- WHAT NEEDS TO BE DONE -
Quote, word for word, only the lines running from the line with "LEGACY COTTON TEE - MAPLE RED" through the end of the listing. Leave out the pictures.

- SUPPLIED DATA -
..........
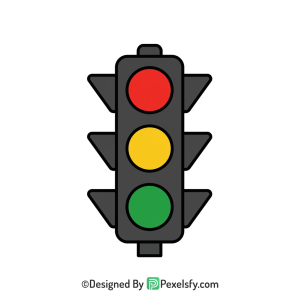 Traffic Light Png 9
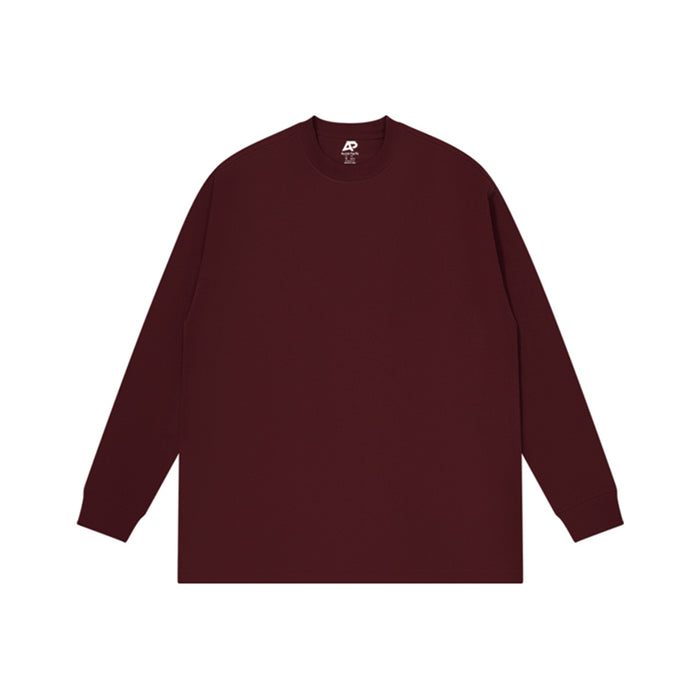 LEGACY COTTON TEE - MAPLE RED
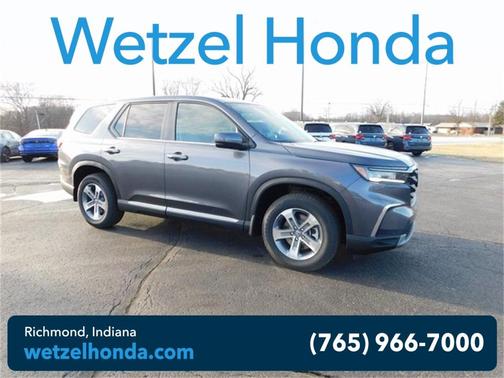 2025 Honda Pilot EX-L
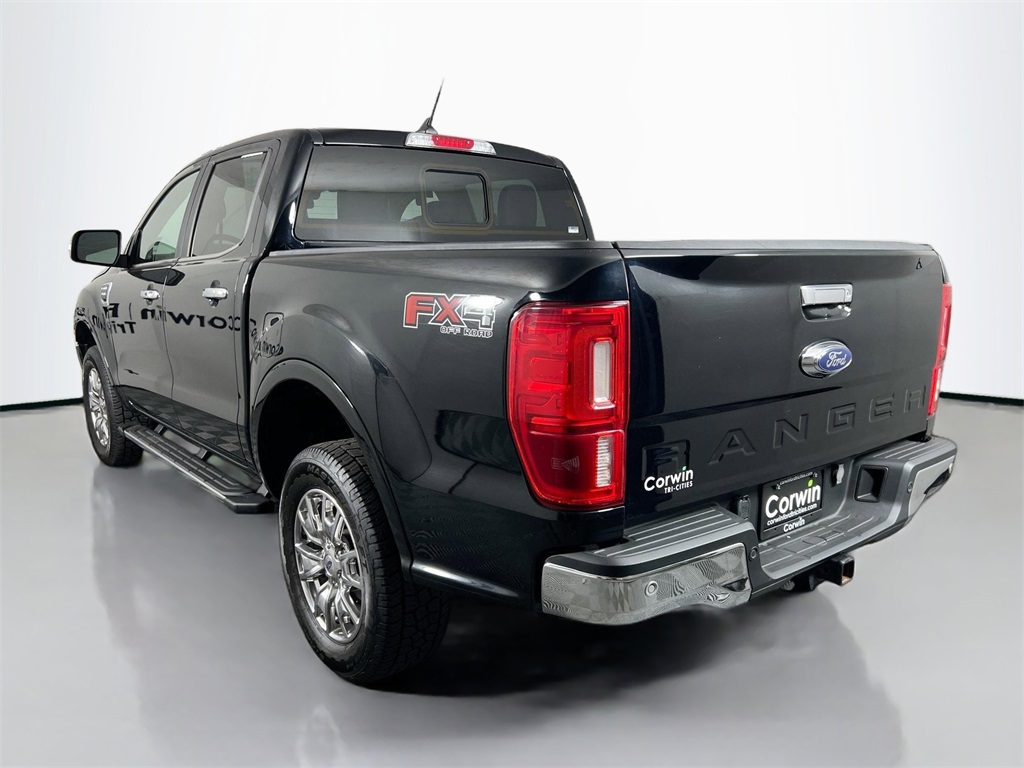 used 2021 Ford Ranger car, priced at $31,777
..........
- OUTPUT -
 LEGACY COTTON TEE - MAPLE RED
 2025 Honda Pilot EX-L
 used 2021 Ford Ranger car, priced at $31,777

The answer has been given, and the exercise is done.